Annonces légales

Contrôle des éditeurs d’annonces légales | 29 septembre 2020

presse

Est reporté au 30 septembre 2021 la date maximale à laquelle la commission paritaire des publications et agences de presse devra avoir procédé au réexamen de la situation des publications de presse et des services de presse en ligne inscrits sur la liste des supports habilités à recevoir des annonces légales.

Est reporté au 30 septembre 2021 la date maximale à laquelle la commission paritaire des publications et agences de presse devra avoir procédé au réexamen de la situation des publications de presse et des services de presse en ligne inscrits sur la liste des supports habilités à recevoir des annonces légales.

Report en raison de la crise sanitaire

Ce report est rendu nécessaire par l’interruption de certains travaux de la commission paritaire des publications et agences de presse durant la période de confinement instaurée par l’état d’urgence sanitaire entre le 23 mars 2020 et le 11 juillet 2020. De plus, afin de tenir compte de l’interruption de la parution ou de la diminution de la diffusion de certaines publications de presse au cours de la période d’état d’urgence sanitaire, la disposition transitoire dont bénéficiaient, pour la seule année 2020, les publications de presse habilitées à recevoir en 2019 des annonces légales dans un ou plusieurs arrondissements sans toutefois être habilitées dans un département, est prolongée d’un an.

Critères de contrôle des éditeurs d’annonces légales  

Pour rappel, les éditeurs d’annonces légales sont contrôlés régulièrement afin de vérifier qu’ils remplissent toujours les critères d’admission posés par le Décret du 21 novembre 2019.

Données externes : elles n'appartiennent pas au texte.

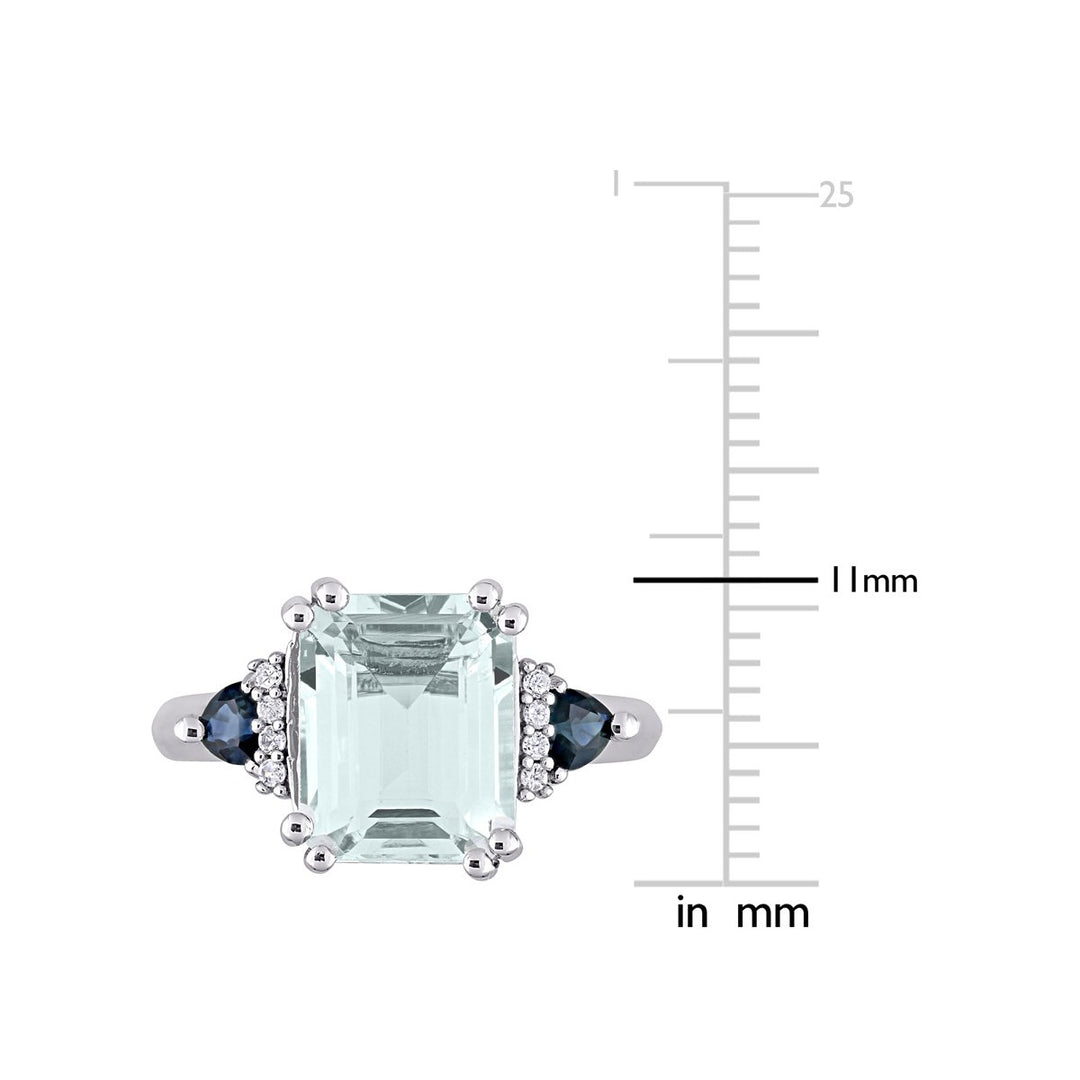 3 1/3 Carat (ctw) Aquamarine and Blue Sapphire Ring in Sterling Silver with Accent Diamonds Image 2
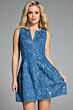 Jovani 44463 Notched Neckline Embroidered Denim Dress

Les publications de presse d’information générale, judiciaire ou technique ne peuvent consacrer plus de la moitié de leur surface à la publicité, aux annonces classées et aux annonces judiciaires et légales. Ces services ne peuvent avoir pour objet principal la diffusion de messages publicitaires, d’annonces classées et d’annonces judiciaires et légales.

Le respect de ce critère est apprécié par la commission paritaire des publications et agences de presse, dans le cadre de la procédure d’examen des demandes d’inscription ou de renouvellement d’inscription.  

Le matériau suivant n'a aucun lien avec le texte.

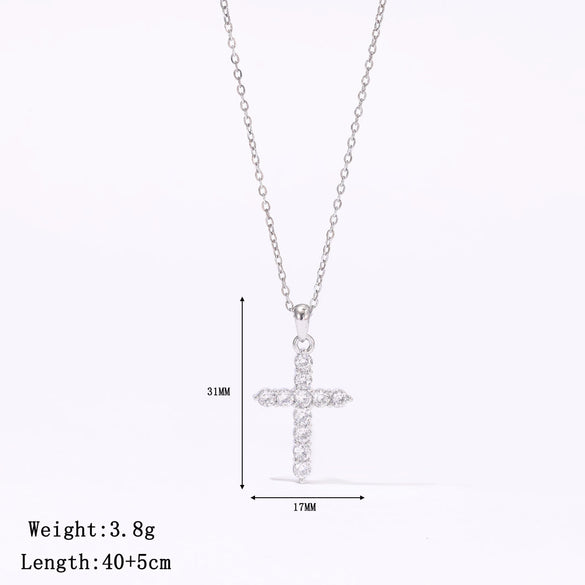 Wholesale Titanium Steel Pendant Necklace With Inlaid Zircon Geometric Design Electroplated O Word Chain For Women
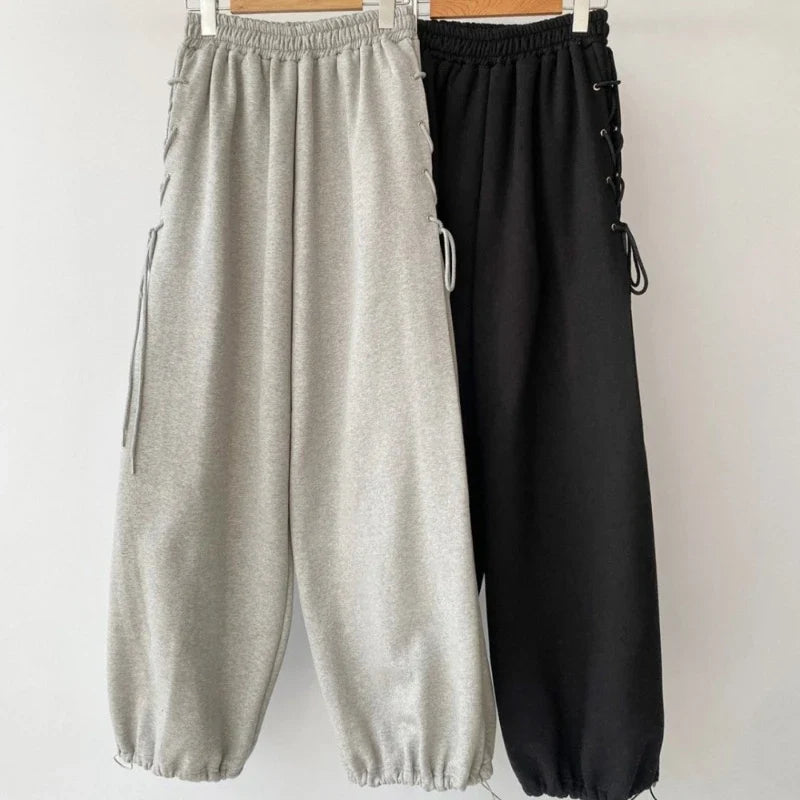 Lace-Up Eyelet Drawstring Sweatpants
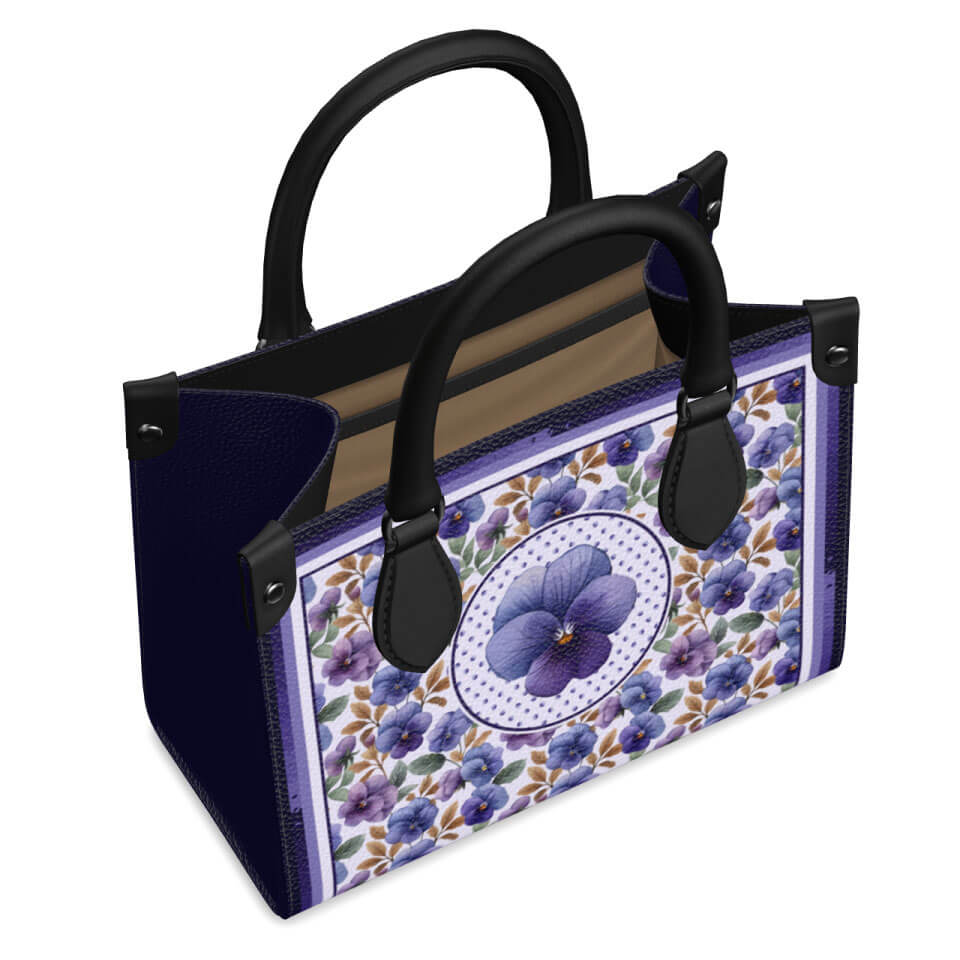 Violet Flower Mini Shopper, Leather Handbag, Designed With Meaning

Comment devenir éditeur / diffuseur d’annonces légales ?

Pour être admis sur la liste des supports habilités à recevoir des annonces légales dans chaque département, les publications de presse doivent justifier d’une diffusion payante correspondant à une vente effective au public, au numéro ou par abonnement, au moins égale aux minima fixés par ce tableau (Annexe).   

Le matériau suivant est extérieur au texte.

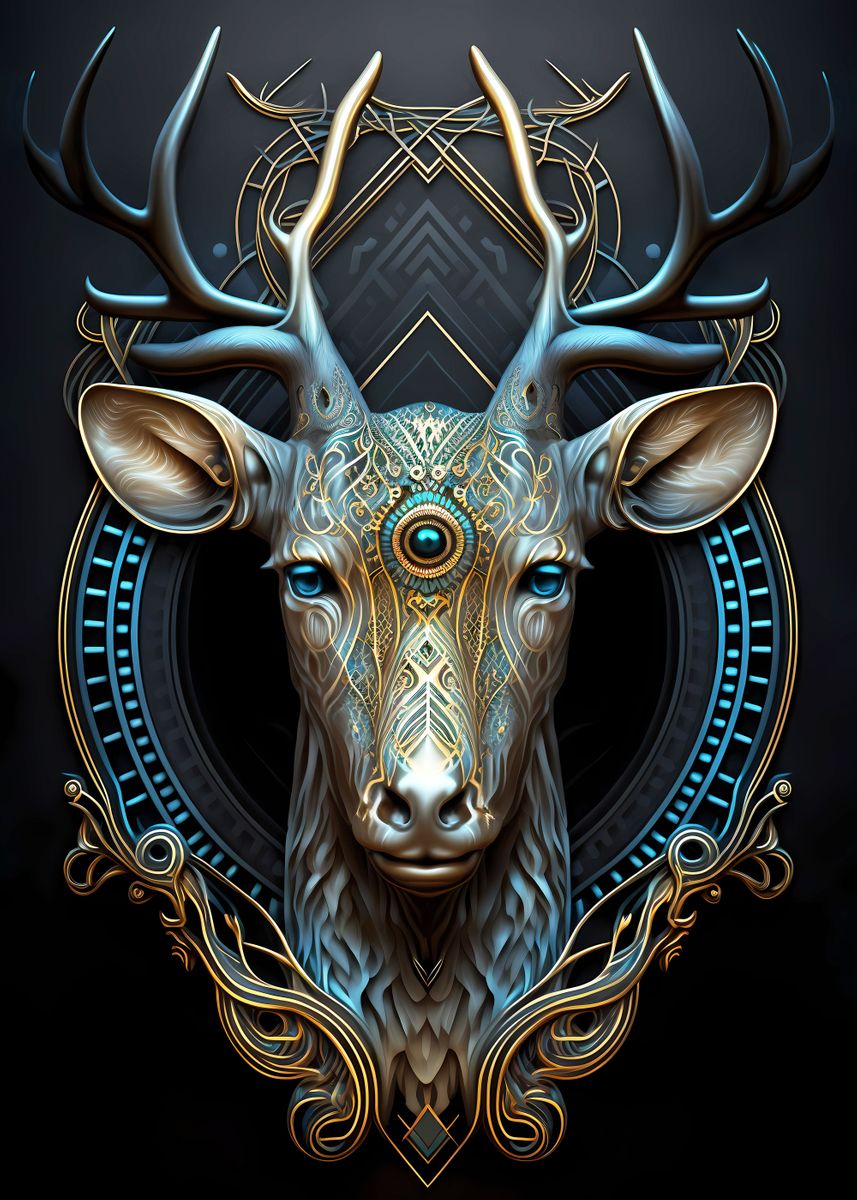 'Mystical Astrology Deer' Poster, picture, metal print, paint by Luong ...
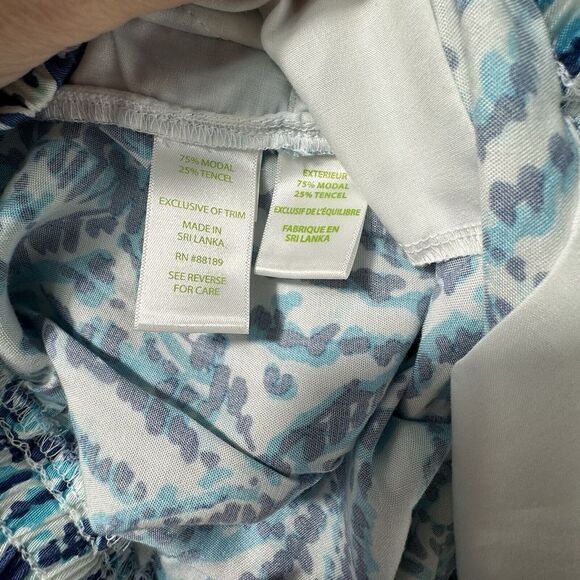 Lilly Pulitzer XS ISLAND JOGGER PANTS Blue Turquoise Tropical Pull On Tassel - Picture 4 of 9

Cette vente effective est réalisée à un prix marqué ayant un lien réel avec les coûts, sans que la livraison du périodique s’accompagne de la fourniture gratuite ou payante de marchandises ou de prestations de services ne présentant pas un lien avec l’objet principal de la publication.

Justifier d’une diffusion payante et de visites uniques suffisantes

Pour être admis sur la liste des supports habilités à recevoir des annonces légales dans chaque département, les services de presse en ligne doivent justifier : i) Soit d’une diffusion payante correspondant à une vente effective par abonnement au moins égale aux minima fixés par ce tableau (Annexe). Cette vente effective est réalisée à un prix public ayant un lien réel avec les coûts, sans que la diffusion du service s’accompagne de la fourniture gratuite ou payante de marchandises ou de prestations de services ne présentant pas un lien avec l’objet principal du service ; ii) Soit d’une fréquentation, exprimée en nombre de visites hebdomadaires, au moins égale aux minima fixés par ce tableau (Annexe).   

Le respect du critère du lien réel avec les coûts du prix marqué et le respect du critère du prix public sont appréciés par la commission paritaire des publications et agences de presse, dans le cadre de la procédure d’examen des demandes d’inscription ou de renouvellement d’inscription.  

La diffusion payante et la fréquentation sont certifiées par un organisme offrant la garantie de moyens d’investigation suffisants et notoirement reconnus comme tels. Le respect des minima de diffusion payante peut également être attesté par un commissaire aux comptes ou par un professionnel inscrit au tableau de l’ordre des experts-comptables et exerçant légalement l’expertise comptable dans les conditions prévues par l’article 114 du décret du 30 mars 2012.